Mint Chip Chocolate Cookies
Mint has always been a flavor that has captivated my palate. However, despite this longstanding love affair, mint was rarely used in the sweets my mom prepared when I was young. This lead me to believe that items with mint components were incredibly exotic and that it must require Herculean efforts to impart that cool flavor to one’s dishes. In fact, my sister and I still use the term “have to juice the mint leaves” when referring to simple tasks that appear to be deceptively laborious.
Luckily, it turns out that making a delicious mint desert can be as simple as adding a few high quality mint chocolate chips to the recipe.

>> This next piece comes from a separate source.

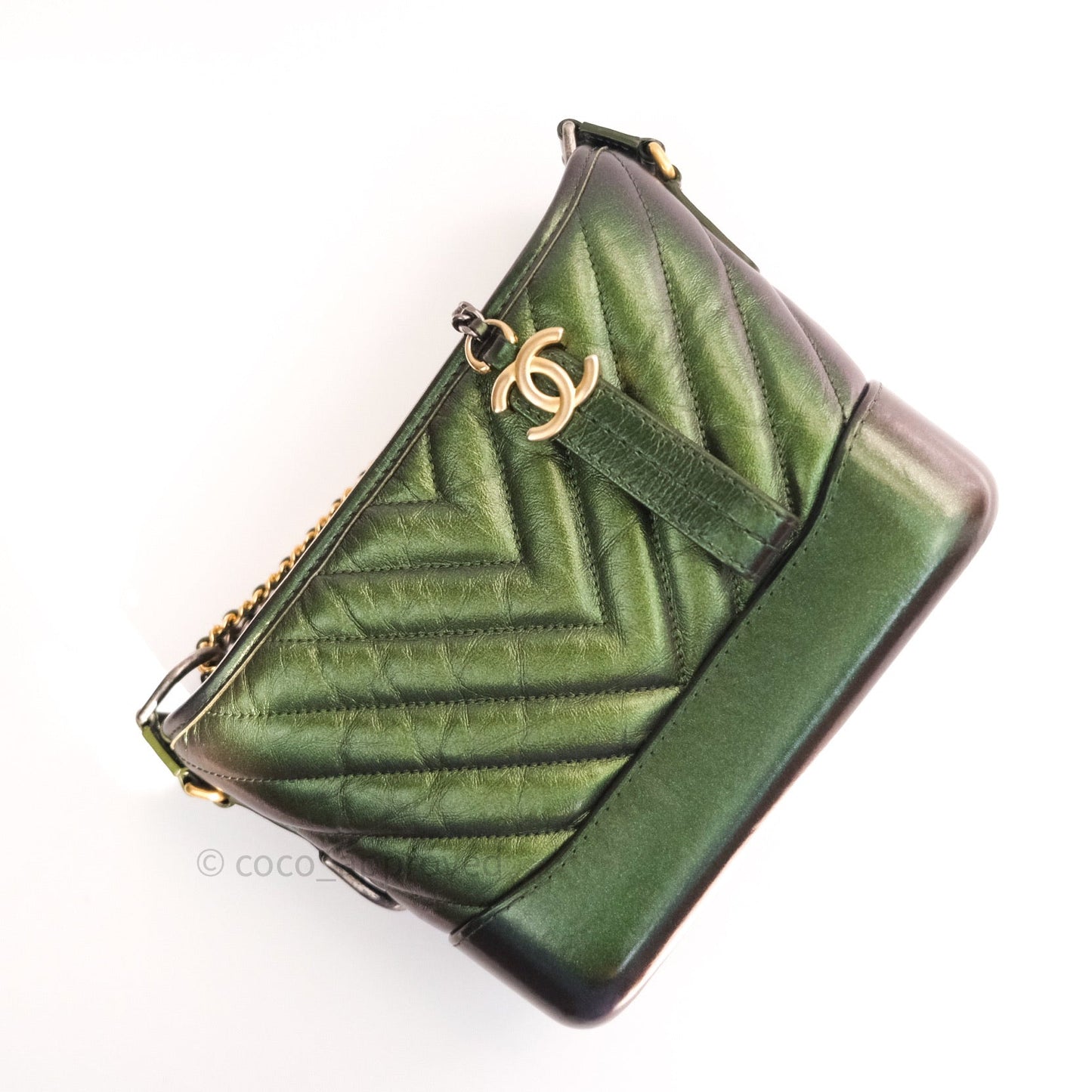Chanel Calfskin Chevron Small Gabrielle Hobo Iridescent Green Mixed Hardware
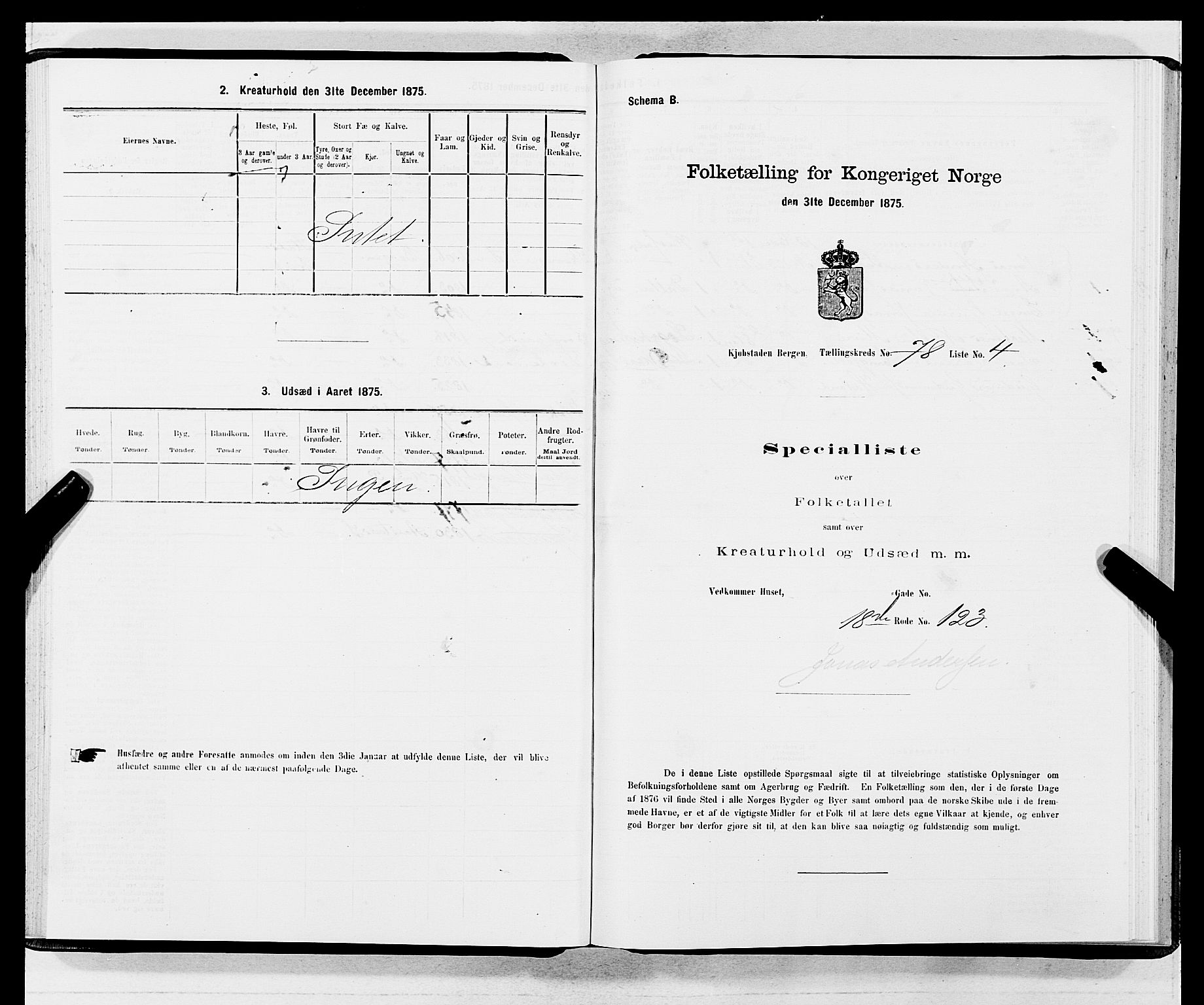 SAB, 1875 census for 1301 Bergen, 1875, p. 4186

Add a couple cups of Guittard green mint chocolate chips to a chocolate cookie recipe and you will have a mint cookie to rival the devil-spawned (that is to say, unnaturally delicious), cocaine laden wafers purveyed by any girl scout.
Polka Dot Cookies Recipe
Adapted from the recipe from the back of the Guittard Green Mint Chips bag.
2 cups semisweet chocolate chips
½ cup butter
1 ½ cups all-purpose flour
½ teaspoon baking soda
1/8 teaspoon salt
3 large eggs
½ cups sugar
2 teaspoons vanilla
1 teaspoon coffee
2 cups (1 12 oz bag) Guittard Green Mint Chips
Preheat your oven to 350oF.
Add the semisweet chips to a microwave safe bowl and heat for one minute in the ole ‘wave. Stir the chocolate and microwave for another minute. Add the butter to the chocolate and stir together until it is all melted evenly (the butter and chocolate may require an additional minute in the microwave together).
When the chocolate and butter is smooth, set it aside and combine the flour, baking soda and salt.
In a large bowl, or in the bowl of a stand mixer, beat eggs, sugar, vanilla and coffee until smooth and light. Add the dry ingredients to the mix until everything is evenly incorporated into the batter. Fold in the green mint chips, cover the bowl with plastic wrap and place everything into the refrigerator to chill for 15 minutes.